> _Available data_
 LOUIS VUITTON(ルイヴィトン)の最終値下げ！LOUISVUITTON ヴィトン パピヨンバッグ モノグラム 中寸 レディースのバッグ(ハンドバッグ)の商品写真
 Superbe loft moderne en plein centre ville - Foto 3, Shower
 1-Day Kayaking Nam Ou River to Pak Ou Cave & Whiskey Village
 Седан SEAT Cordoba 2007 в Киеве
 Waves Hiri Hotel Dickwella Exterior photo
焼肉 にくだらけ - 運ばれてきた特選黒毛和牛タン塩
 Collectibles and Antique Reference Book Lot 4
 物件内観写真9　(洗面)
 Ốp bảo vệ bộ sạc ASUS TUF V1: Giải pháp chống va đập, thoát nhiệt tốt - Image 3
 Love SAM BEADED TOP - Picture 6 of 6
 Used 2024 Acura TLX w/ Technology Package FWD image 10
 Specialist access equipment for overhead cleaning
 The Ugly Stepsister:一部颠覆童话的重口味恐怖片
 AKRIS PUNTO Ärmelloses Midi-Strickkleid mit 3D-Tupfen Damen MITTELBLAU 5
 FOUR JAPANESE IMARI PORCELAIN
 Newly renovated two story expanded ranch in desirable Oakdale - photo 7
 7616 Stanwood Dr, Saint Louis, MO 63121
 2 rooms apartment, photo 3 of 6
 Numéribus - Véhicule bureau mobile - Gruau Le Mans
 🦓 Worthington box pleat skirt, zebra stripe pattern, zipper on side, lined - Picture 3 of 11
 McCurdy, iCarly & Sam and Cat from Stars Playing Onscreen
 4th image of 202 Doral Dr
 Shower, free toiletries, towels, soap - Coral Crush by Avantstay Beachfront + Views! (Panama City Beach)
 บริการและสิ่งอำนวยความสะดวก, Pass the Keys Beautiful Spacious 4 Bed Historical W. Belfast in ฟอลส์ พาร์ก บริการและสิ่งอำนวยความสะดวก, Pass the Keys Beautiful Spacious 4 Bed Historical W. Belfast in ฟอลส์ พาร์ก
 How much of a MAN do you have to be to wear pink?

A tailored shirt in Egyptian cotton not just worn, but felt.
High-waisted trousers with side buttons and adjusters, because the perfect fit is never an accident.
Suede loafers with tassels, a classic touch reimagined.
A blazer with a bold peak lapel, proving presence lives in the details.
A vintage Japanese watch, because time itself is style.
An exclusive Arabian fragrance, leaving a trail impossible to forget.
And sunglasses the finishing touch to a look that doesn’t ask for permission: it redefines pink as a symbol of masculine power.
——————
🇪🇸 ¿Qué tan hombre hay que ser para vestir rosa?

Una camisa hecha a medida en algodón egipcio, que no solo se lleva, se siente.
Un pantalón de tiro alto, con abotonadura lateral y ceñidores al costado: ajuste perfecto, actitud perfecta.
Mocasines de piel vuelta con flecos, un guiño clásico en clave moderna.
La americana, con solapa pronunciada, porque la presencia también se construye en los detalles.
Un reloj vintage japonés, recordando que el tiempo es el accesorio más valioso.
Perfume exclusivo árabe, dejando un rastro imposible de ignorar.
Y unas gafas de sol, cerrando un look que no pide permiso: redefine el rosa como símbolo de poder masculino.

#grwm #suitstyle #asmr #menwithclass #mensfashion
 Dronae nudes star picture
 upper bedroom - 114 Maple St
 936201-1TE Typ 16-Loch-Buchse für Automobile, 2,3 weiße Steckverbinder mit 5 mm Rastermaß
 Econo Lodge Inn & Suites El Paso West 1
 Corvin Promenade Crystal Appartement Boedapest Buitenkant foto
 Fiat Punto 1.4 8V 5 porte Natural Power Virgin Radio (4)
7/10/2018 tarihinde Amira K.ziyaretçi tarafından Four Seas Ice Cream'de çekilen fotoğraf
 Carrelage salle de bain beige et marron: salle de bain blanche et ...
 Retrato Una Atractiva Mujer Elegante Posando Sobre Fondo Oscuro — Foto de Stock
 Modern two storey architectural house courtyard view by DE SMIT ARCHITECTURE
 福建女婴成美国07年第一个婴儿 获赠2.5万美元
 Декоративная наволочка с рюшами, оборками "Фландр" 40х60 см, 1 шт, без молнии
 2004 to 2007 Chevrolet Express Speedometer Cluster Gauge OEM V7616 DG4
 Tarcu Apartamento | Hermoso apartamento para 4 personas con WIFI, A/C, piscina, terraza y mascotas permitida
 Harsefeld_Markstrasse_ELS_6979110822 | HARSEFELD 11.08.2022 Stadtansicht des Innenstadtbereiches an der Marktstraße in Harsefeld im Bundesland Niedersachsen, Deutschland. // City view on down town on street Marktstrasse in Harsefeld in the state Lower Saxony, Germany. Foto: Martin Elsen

> _Assigned task_
Scan the records above and show every line in which the word "because" occurs.

> _Written answer_
High-waisted trousers with side buttons and adjusters, because the perfect fit is never an accident.
A vintage Japanese watch, because time itself is style.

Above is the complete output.